Danish students used to only learn about other religions once they had reached seventh grade, but a recent decision by parliament has introduced the teaching of other religions, such as Islam, into the Christianity studies curriculum at a much younger age
According to Per Bucholdt Andreasen, chair of the Danish Association of Priests (Den Danske Præstforening), it was a wise move by politicians to alter the focus of the subject.
“Our society is in a completely different situation than it was only a few decades ago so it is about time that religious studies in school is overhauled,” Andreasen said. “I think it is completely natural that the youngest students are taught about other religions. The problem today is that many people are religiously illiterate and don’t know much about the world’s religions. They have a hard time understanding the importance of religion in other people’s lives and in society as a whole.”
The association of church parishes, Landsforening af Menighedsråd, also welcomed the introduction of other religions in to the curriculum for young students.
“In schools where there are students from other ethnic backgrounds it makes sense to introduce other religions even though it isn’t necessarily in the curriculum,” the chair of the association, Inge Lise Petersen, said. “I can’t see anything wrong with it in principle.

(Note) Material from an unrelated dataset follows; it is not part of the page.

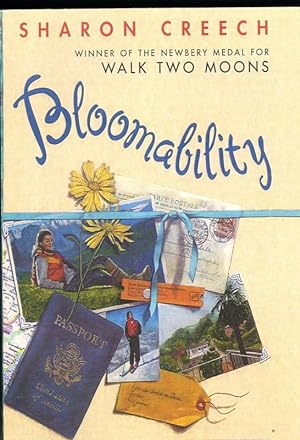 BLOOMABILITY Uncorrected Proof Copy.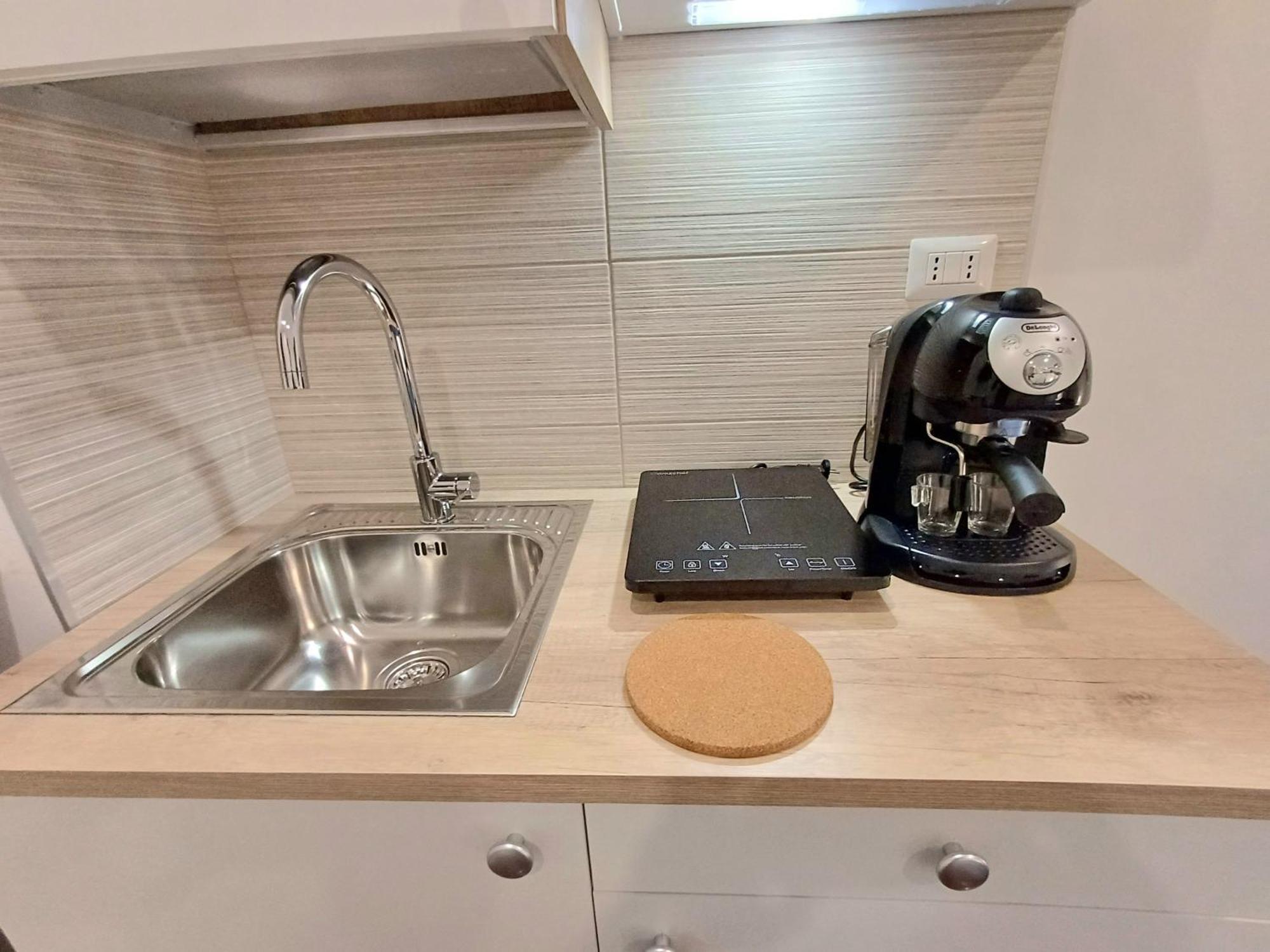 Principe Apartment Napoli Ngoại thất bức ảnh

It would be disrespectful to students with different backgrounds to pretend that they do not exist.”
Bishop of the Fyn diocese, Kresten Drejergaard, said it was a great idea to teach about other religions such as Islam.
“It is in those early years that prejudices arise,” Drejergaard said. “It will ensure both that ethnic Danes develop a realistic view on Islam and that students with Muslim backgrounds feel recognised and of equal standing in the Danish society. Children don’t become Muslim simply because they learn about the existence of Islam.”
Many of the schools that have adopted the new curriculum are in Copenhagen. The deputy mayor for integration, Anna Mee Allerslev, hopes more schools will follow.
“It’s important that we move away from simply teaching about Christianity in the youngest years,” Allerslev said. “Many young Muslims are drawn toward radical interpretations of Islam because they gain much of their knowledge about the religion from the media. Some think that women have to wear head scarves and they have to hate Christians in order to be a good Muslim. Young Muslims can get a much more balanced relationship to their religion if they are taught about it in school. I have long thought that we need to improve our children’s knowledge on the subject.”
Allerslev added that it could improve integration by challenging the prejudices of Christians about Islam.
“Christianity should of course retain its prominence in the curriculm, but I think that our second largest religion, Islam, also requires focus. The earlier it appears in the school system the better,” Allerslev said.
The curriculum change is supported the child and education minister, Christine Antorini, though political parties Konservative (K) and Dansk Folkeparti (DF), both take issue with introducing other religions so early in the curriculum.
“We have to keep a close eye on this development as it could easily lead to a slippery slope where more and more education about Christianity is replaced,” K's education spokesperson, Mai Henriksen, said.
According to DFs education spokesperson, Alex Ahrendtsen, the changes are against the spirit of the law.
“If the subject is called 'Christianity Studies', then students should be taught about Christianity. I also don’t think it’s appropriate that teachers teach English or Chinese in Danish class,” Ahrendtsen said.